That's all good, but where should the data land? Presumably, some of it will go to the cloud, and some of it will remain on-premises. This means some hard decisions need to be made, along with rethinking the way we handle data. It also opens up more opportunities to extend and enrich applications beyond what was possible before.

As Marcio Moura and Christine Ouyang, both with IBM, explain in a white paper published by the Cloud Standards Customer Council, "a hybrid cloud allows different personas to work with data and analytics capabilities where it makes the most sense and helps to define the requirements where the data and analytics capabilities should be placed in the hybrid cloud environment.
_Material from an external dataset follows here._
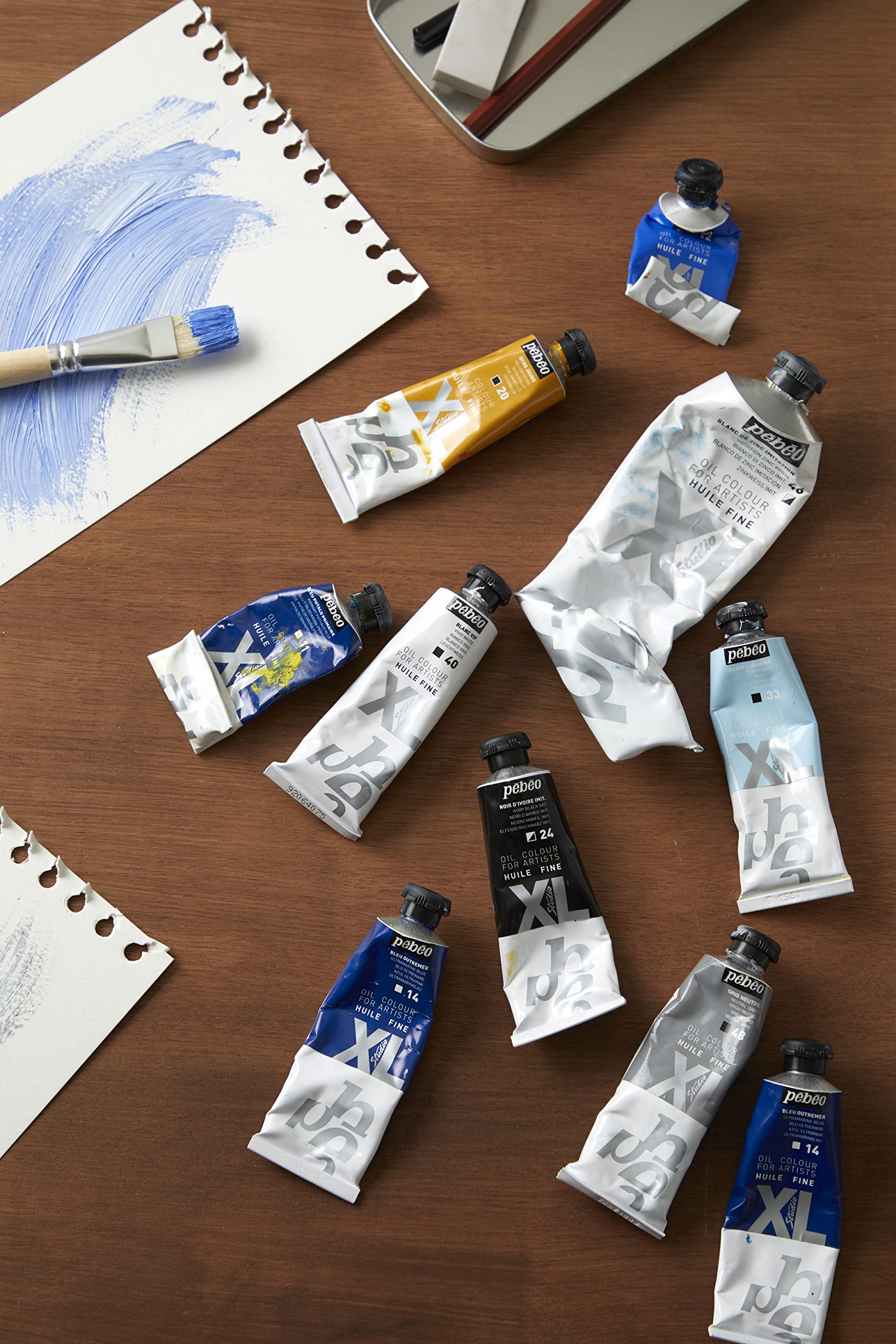 PEBEO Huile XL 37ml Olio, Legno Denso, Giallo Stil de Grain, 37 ml, 37 unità - 2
As a result, analytics workloads can run more efficiently wherever the data is stored."

The data challenge associated with hybrid cloud is is top of mind for Dave Nielsen, head of ecosystem programs for Redis Labs, who says the growing reliance on cloud-based services means designing new types of data management systems, and where you keep your data along the on-premises-to-cloud spectrum is important. I recently caught up with Nielsen, who states that "one of the challenges in the use of cloud services is designing the data management system. As organizations begin to implement cloud solutions alongside their existing ones, designing an effective data management system across cloud environments is especially important. Data must be maintained and distributed in any format, anywhere - on-premises, in the cloud, multi-cloud, and hybrid-cloud, in an autonomous manner."
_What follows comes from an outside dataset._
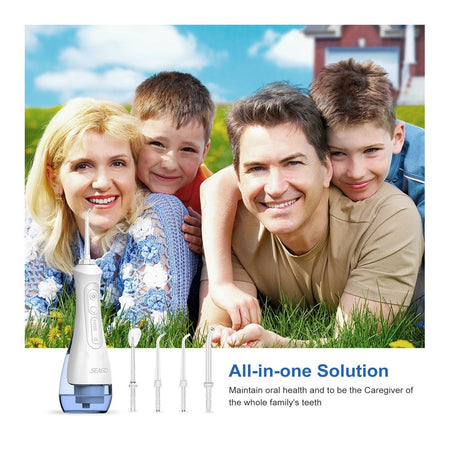 Seago Rechargeable Cordless Water Flosser SG-833 White - Image 11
How do managers determine what applications and data may still be best suited for on-premises database systems versus cloud? "Data can be complicated. Some data can be exposed publicly, and some data cannot risk even a hint of exposure," Nielsen states. For highly sensitive data, "an air-gapped, on-premises system may provide better security." Sensitive data, "which may be collected from multiple sources, can often be stored on-premises for safe keeping especially when the data is used by only a few internal users, for use cases like research."

Speed of access is another factor in where data should reside. Local in-memory systems provides almost instantaneous access. There may simply be too much data on-premises to attempt a cloud move, Nielsen adds. "Large collections of data can take hours, even days, to move from one data center to the cloud. Applications working with large data on-premises should be located near the data where it can better interact with the data. This is especially relevant to modern applications that rely on real-time user data interaction, high-speed analytics, personalization, IoT or recommendations."

Often, "data gravity is driving decisions for where data is stored," Nielsen explains. "Wherever data begins to collect, more data will naturally begin to collect around that data, especially when the combination of data makes it more valuable." Cloud storage may be most practical "where data is naturally exposed to multiple users across regions, such as collaboration tools," he continues.

In addition to data security, the primary challenge with supporting hybrid data environments is platform consistency, Nielsen cautions. "Data located in the cloud is often stored in databases that run on platforms that are different than ones found on-premises. Maintaining these heterogeneous platforms can be difficult. Integration can also be complex, not to mention hybrid security models. Platform consistency can help. Perhaps Kubernetes will become the Linux-of-the-cloud-platforms, but it seems we are a ways from that. Choosing a database system that was built to run both on-premises and in the cloud can help reduce platform consistency and integration friction."